Laporan Bank Dunia (World Bank) menyebut harga beras di Indonesia lebih mahal dibandingkan dengan negara Asia Tenggara lainnya. Mahalnya harga dari beras di Indonesia dipicu oleh dukungan harga pasar bagi produsen di bidang pertanian, yang terdiri dari kebijakan yang menaikkan harga domestik untuk produk pertanian pangan.
“Harga eceran beras Indonesia secara konsisten merupakan yang tertinggi di ASEAN selama dekade terakhir,” bunyi laporan Bank Dunia dikutip pada Selasa, 20 Desember.
Kebijakan-kebijakan tersebut termasuk langkah-langkah perdagangan yang membatasi misalnya, tarif impor, pembatasan kuantitatif, monopoli impor BUMN untuk komoditas utama, dan tindakan non tarif lainnya, juga harga pembelian minimum di tingkat petani. Imbasnya, harga beras menjadi cukup tinggi.
Tingginya harga beras juga disebabkan panjangnya rantai pasok, serta biaya distribusi yang tinggi karena kondisi geografis Indonesia. Bank Dunia memprediksi tingginya harga pangan akan memperparah kerawanan pangan dan menyebabkan gizi buruk.
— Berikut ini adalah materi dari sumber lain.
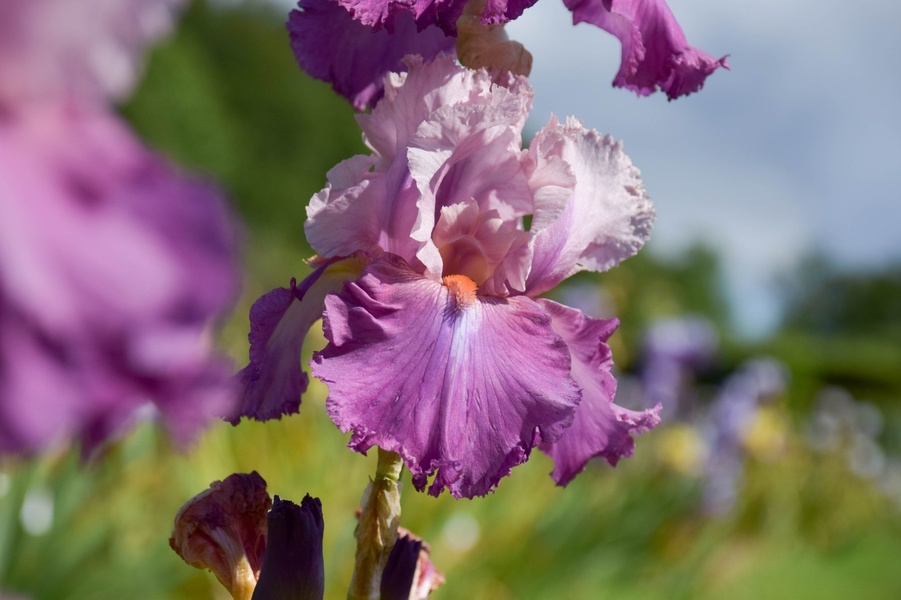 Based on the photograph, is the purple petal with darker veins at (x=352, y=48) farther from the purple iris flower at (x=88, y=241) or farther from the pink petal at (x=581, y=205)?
the purple iris flower at (x=88, y=241)

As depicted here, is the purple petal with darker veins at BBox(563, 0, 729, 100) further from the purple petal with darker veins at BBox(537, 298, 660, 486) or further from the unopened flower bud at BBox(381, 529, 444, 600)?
the unopened flower bud at BBox(381, 529, 444, 600)

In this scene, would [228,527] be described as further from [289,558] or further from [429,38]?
[429,38]

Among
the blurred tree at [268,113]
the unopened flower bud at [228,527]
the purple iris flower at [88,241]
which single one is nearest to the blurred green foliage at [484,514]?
the purple iris flower at [88,241]

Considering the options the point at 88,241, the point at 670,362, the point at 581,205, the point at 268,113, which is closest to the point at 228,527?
the point at 581,205

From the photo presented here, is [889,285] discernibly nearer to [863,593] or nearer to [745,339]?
[745,339]

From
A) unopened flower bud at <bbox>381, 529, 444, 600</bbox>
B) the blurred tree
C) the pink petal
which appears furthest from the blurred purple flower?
the blurred tree

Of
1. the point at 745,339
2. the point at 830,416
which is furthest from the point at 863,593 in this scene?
the point at 745,339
Pada 2021, prevalensi gizi kurang di Indonesia meningkat menjadi 8,5 persen dari 7,6 persen pada 2019.
Di sisi lain, inflasi makanan cenderung berdampak negatif pada rumah tangga miskin dan rentan, karena rumah tangga yang lebih miskin membelanjakan bagian yang lebih besar dari pengeluaran mereka untuk makanan.
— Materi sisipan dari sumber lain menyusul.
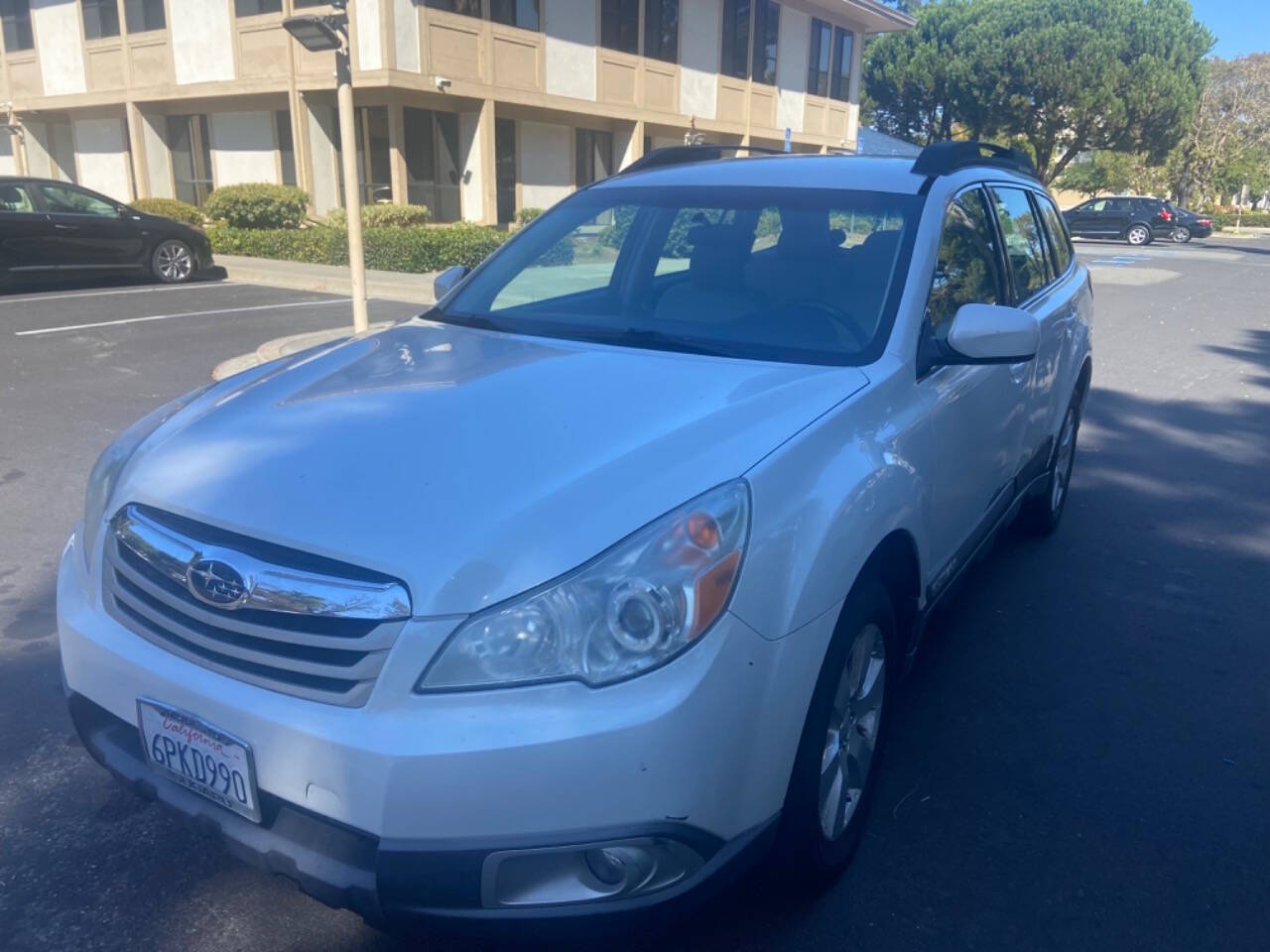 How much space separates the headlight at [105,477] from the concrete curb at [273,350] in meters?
5.72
Maka dari itu, langkah-langkah kebijakan untuk memitigasi dampak inflasi pangan yang tinggi saat ini terhadap konsumen, investasi jangka panjang diperlukan untuk mengatasi tiga tantangan ketahanan pangan. Tantangan itu adalah ketersediaan pangan (persediaan keseluruhan yang memadai), akses pangan (akses ekonomi dan fisik di tingkat rumah tangga) dan stabilitas dari waktu ke waktu. Jadi akankah harga beras masih bakal terus naik jelang liburan Nataru nantinya?